未明の揺れ、岩手県内に緊張走る 沿岸部で震度5弱、津波なし

1階ステージのスポットライトが落下した九戸村体育センター=2日午前8時55分、同村伊保内

 2日午前4時24分ごろ、青森県と岩手県で震度5弱の地震があった。県内では宮古市、久慈市、普代村、野田村、軽米町で観測。気象庁によると、震源地は本県沿岸北部で、震源の深さは約71キロ。地震の規模はマグニチュード(M)6.0と推定される。津波はなかった。

 盛岡市、北上市、大船渡市など県内21市町村でも震度4を観測。建物の高層階をゆっくりと揺らす長周期地震動の階級2を沿岸北部で観測した。

 県は災害警戒本部を設置し、情報収集を進めている。九戸村伊保内の村体育センターでは、2階ギャラリーの窓ガラスが1枚割れ、1階ステージのスポットライトも3個落下した。安全確認のため、2日は臨時休館する。

 県教委によると、午前9時現在、久慈市と洋野町、九戸村の3小学校、2高校で窓ガラスのひび割れや体育館天井の一部落下、断水などの被害があった。

 久慈・宇部小は職員玄関窓のひび割れ、同・長内小は階段踊り場窓にひびが入った。洋野・中野小は断水。久慈東高は校舎エレベーターが停止。九戸村の伊保内高は外灯が破損し、体育館ステージの天井が一部落下した。

 久慈広域連合消防本部によると、久慈市の空き家の外壁の一部が剝がれるなどの被害が確認されている。県防災課によると、県内でけが人の情報は入っていない。

 JR盛岡支社によると、釜石、花輪、八戸、山田各線で計19本に運休や遅れが発生している。三陸鉄道リアス線は釜石―久慈駅間で運転を見合わせており、午前11時ごろの再開を見込む。県警高速隊によると、八戸道九戸―八戸北間は、地震発生から約2時間50分通行止めとなった。
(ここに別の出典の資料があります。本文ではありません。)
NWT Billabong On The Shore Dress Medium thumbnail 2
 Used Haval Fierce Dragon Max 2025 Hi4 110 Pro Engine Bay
 未明の強い揺れに、沿岸部では緊張が走った。宮古市津軽石の作家遠藤公男さん(91)は「ここ最近ないひどい揺れにびっくりした。急いで親戚の無事を電話で確認した。自宅の棚の物が少し落ちたくらいで済んで良かった」と胸をなで下ろした。

 総務省消防庁の全国瞬時警報システム(Jアラート)が予想最大震度5弱の緊急地震速報を出した。

 気象庁は、揺れの強かった地域では落石や崖崩れがあるとして注意を促している。約1週間は最大震度5弱程度の地震に注意するよう呼びかけている。